If you try:
final String test = "ппп";
you will find -2 -1 only appears at the beginning:
-2
-1
4
63
4
63
4
63
-2 is 0xFE and -1 is 0xFF. Together, they form a BOM (Byte_order_mark):
In UTF-16, a BOM (U+FEFF) may be placed as the first character of a
file or character stream to indicate the endianness (byte order) of
all the 16-bit code units of the file or stream. If an attempt is made
to read this stream with the wrong endianness, the bytes will be
swapped, thus delivering the character U+FFFE, which is defined by
Unicode as a "non character" that should never appear in the text.
test.getBytes("UTF-16"); defaults to using Big Endian when encoding the bytes, so a BOM is included in front so later processors can know that Big Endian was used.

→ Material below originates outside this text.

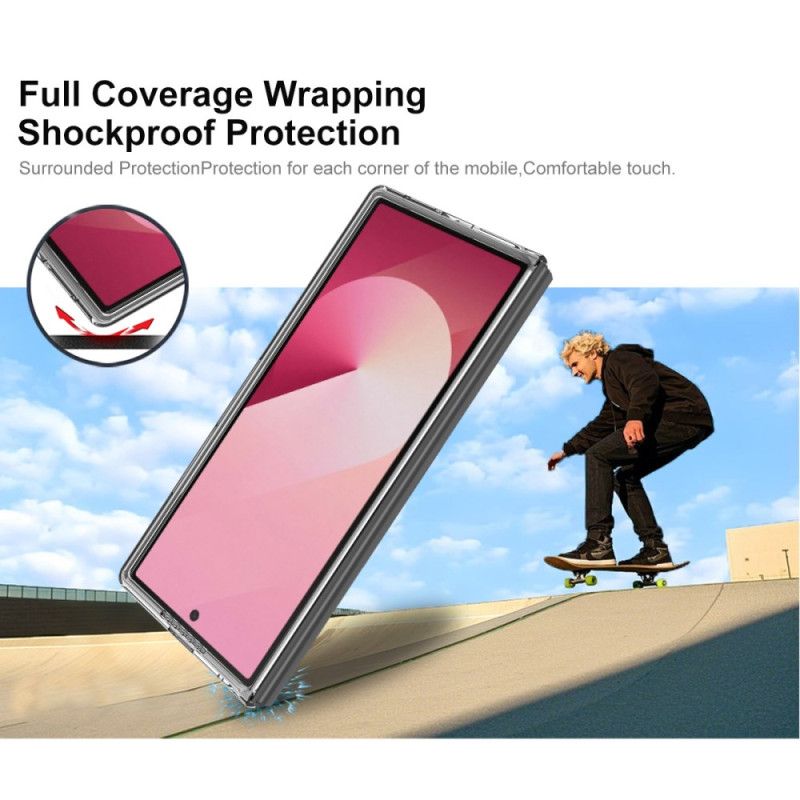 Kryt Samsung Galaxy Z Fold 7 Kryty Na Mobil Crystal Case Ii Pro Imak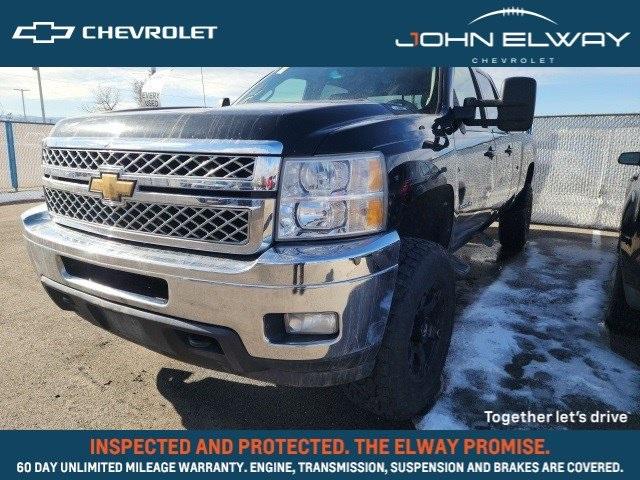 2011 Chevrolet Silverado 2500 HD Vehicle Photo in ENGLEWOOD, CO 80113-6708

You can explicitly specify endian by using UTF-16LE or UTF-16BE instead, thus avoiding a BOM in the output:
final byte[] bytes = test.getBytes("UTF-16BE");
The UTF-16 charsets use sixteen-bit quantities and are therefore sensitive to byte order. In these encodings the byte order of a stream may be indicated by an initial byte-order mark represented by the Unicode character '\uFEFF'. Byte-order marks are handled as follows:
When decoding, the UTF-16BE and UTF-16LE charsets interpret the initial byte-order marks as a ZERO-WIDTH NON-BREAKING SPACE; when encoding, they do not write byte-order marks.
When decoding, the UTF-16 charset interprets the byte-order mark at the beginning of the input stream to indicate the byte-order of the stream but defaults to big-endian if there is no byte-order mark; when encoding, it uses big-endian byte order and writes a big-endian byte-order mark.